“There is no absolute ‘future.’ There isn’t any boss in charge with a stopwatch who can keep accurate track of the so-called future and the so-called past.”

Bruce Sterling, one of the first cyberpunk authors to receive mainstream attention, is no stranger to radical tech. With titles ranging from The Hacker Crackdown to The Difference Engine to Schismatrix to Distraction, his pertinent social commentary and visionary ideas have remained influential to this day. His critically acclaimed work has won several Hugo Awards. When I saw that he was following us on Twitter, I knew that I had to ask him for an interview.

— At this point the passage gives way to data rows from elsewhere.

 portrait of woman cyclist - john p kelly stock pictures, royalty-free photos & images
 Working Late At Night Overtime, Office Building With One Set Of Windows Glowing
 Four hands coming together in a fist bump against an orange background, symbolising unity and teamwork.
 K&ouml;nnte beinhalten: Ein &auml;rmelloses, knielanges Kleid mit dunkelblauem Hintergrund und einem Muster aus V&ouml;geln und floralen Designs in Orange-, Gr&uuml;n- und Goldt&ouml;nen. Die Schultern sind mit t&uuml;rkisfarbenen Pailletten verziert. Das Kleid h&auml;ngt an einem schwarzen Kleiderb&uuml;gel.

Rachel Haywire: Throughout your various writings, you have made some predictions that have turned out to be true, both on the Internet and in the flesh. Do you think you are able to foresee the future, or do you have more of a knack for predicting trends based on present experiences? Maybe a combination of both?

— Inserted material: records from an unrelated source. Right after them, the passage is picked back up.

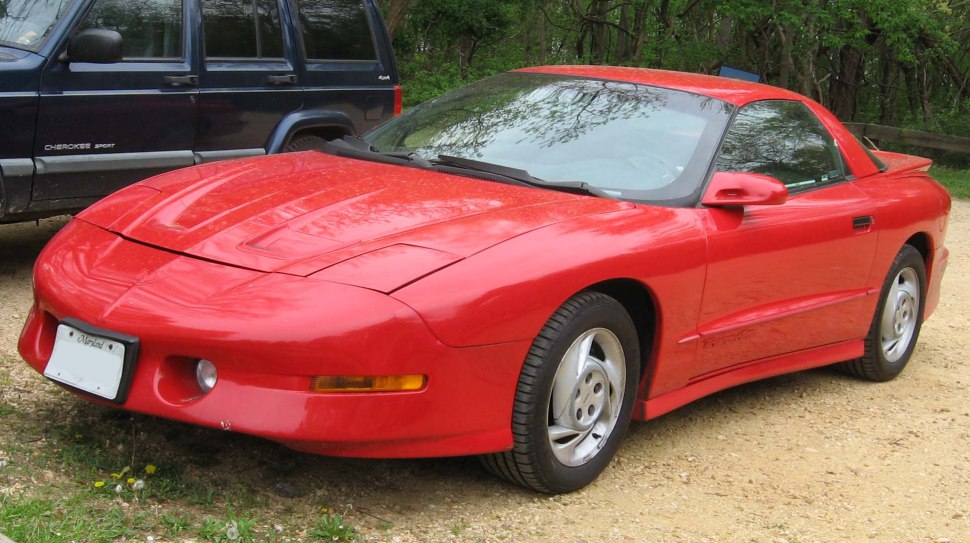 Red coupe with aerodynamic front and side design, integrated headlights.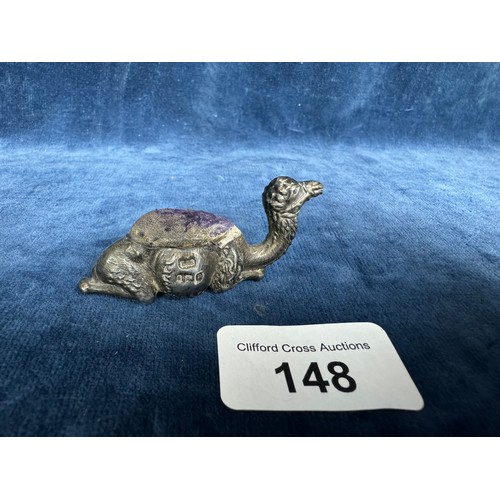 148 - An unusual small silver pincushion in the shape of a camel lying down. Hallmarked Birmingham 1906 an... 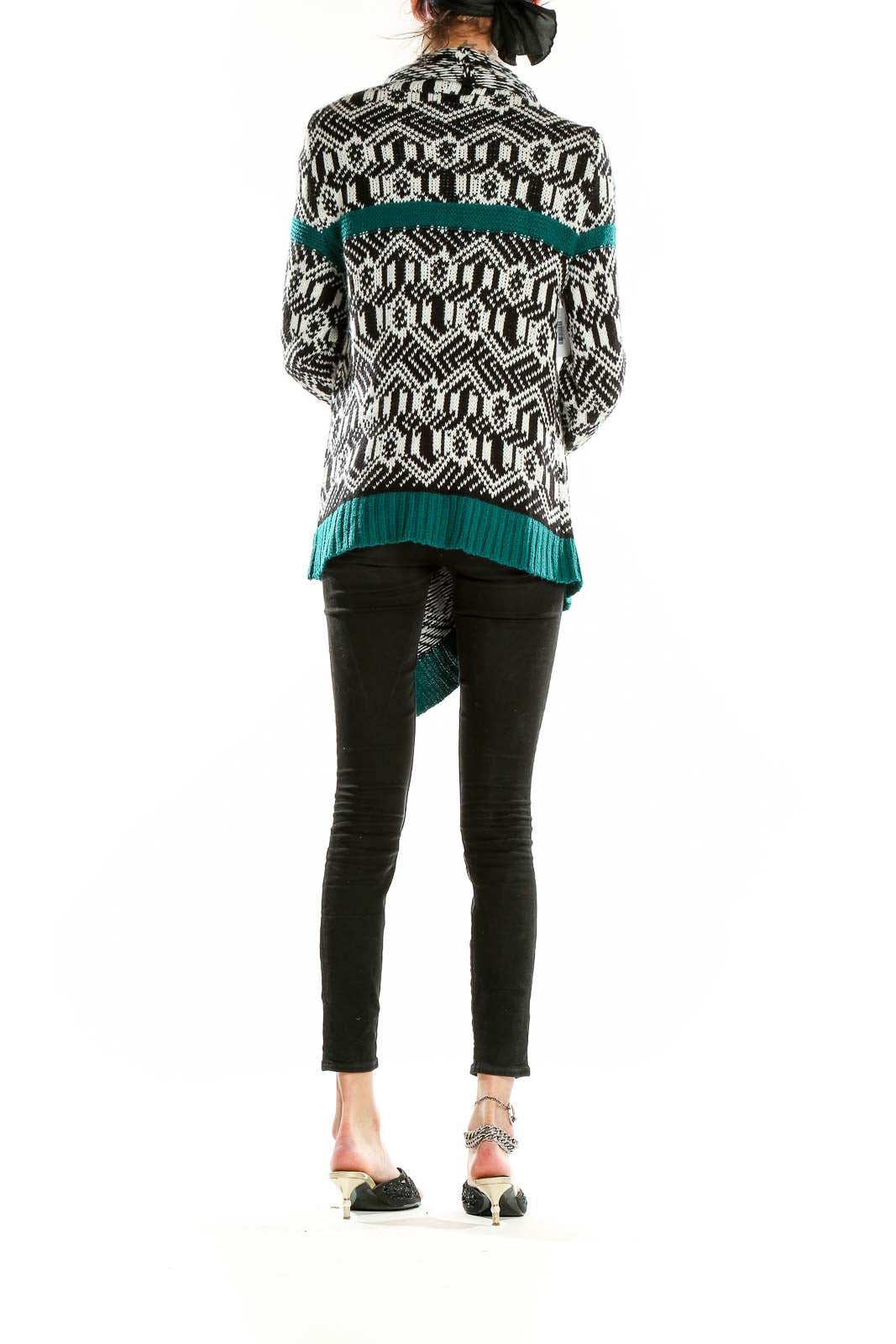 Back view of Romeo & Juliet Couture Black and White Geometric Knit Cardigan showing full pattern and asymmetrical hem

Bruce Sterling: It’s simpler than that.  There is no absolute “future.”  There isn’t any boss in charge with a stopwatch who can keep accurate track of the so-called future and the so-called past.

If I’m already sick of Facebook, and I “predict” to you that “some day you’ll get sick of Facebook,” and later you do get sick of Facebook, then I have told you your “future.”  That is it.  If you didn’t know about it now, and it hits you later, then that is your “future.” When you finally catch on, that’s when I become the futurist who predicted that you would get sick of Facebook.

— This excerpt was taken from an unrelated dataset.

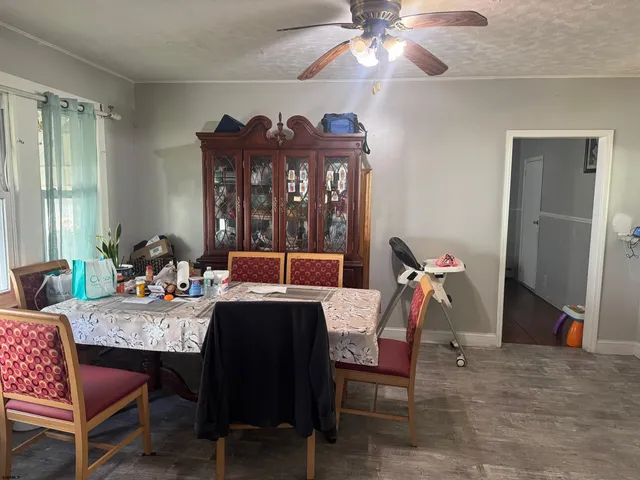 a view of a dining room with furniture and a chandelier fan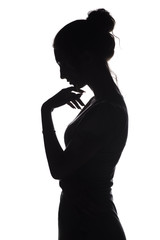 Wall Mural - silhouette profile of a sad woman with hand near chin on a white isolated background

It’s not Facebook’s fault.  There were plenty of big bandwagons before Facebook, and they got just as sickening in the long run.  It’s too late for me to predict to you that “you’ll get sick of MySpace.”  Everybody’s already sick of MySpace, so that would be “predicting the past.”  I try to avoid that mistake.  That is the knack of it.

Wanna see me do that live, right now?  The climate’s getting hotter.  You don’t believe that trend yet, because you ignore the facts on thermometers for reasons of your own.  But the future will get lots, lots hotter. Some day you’ll be amazed at my insight.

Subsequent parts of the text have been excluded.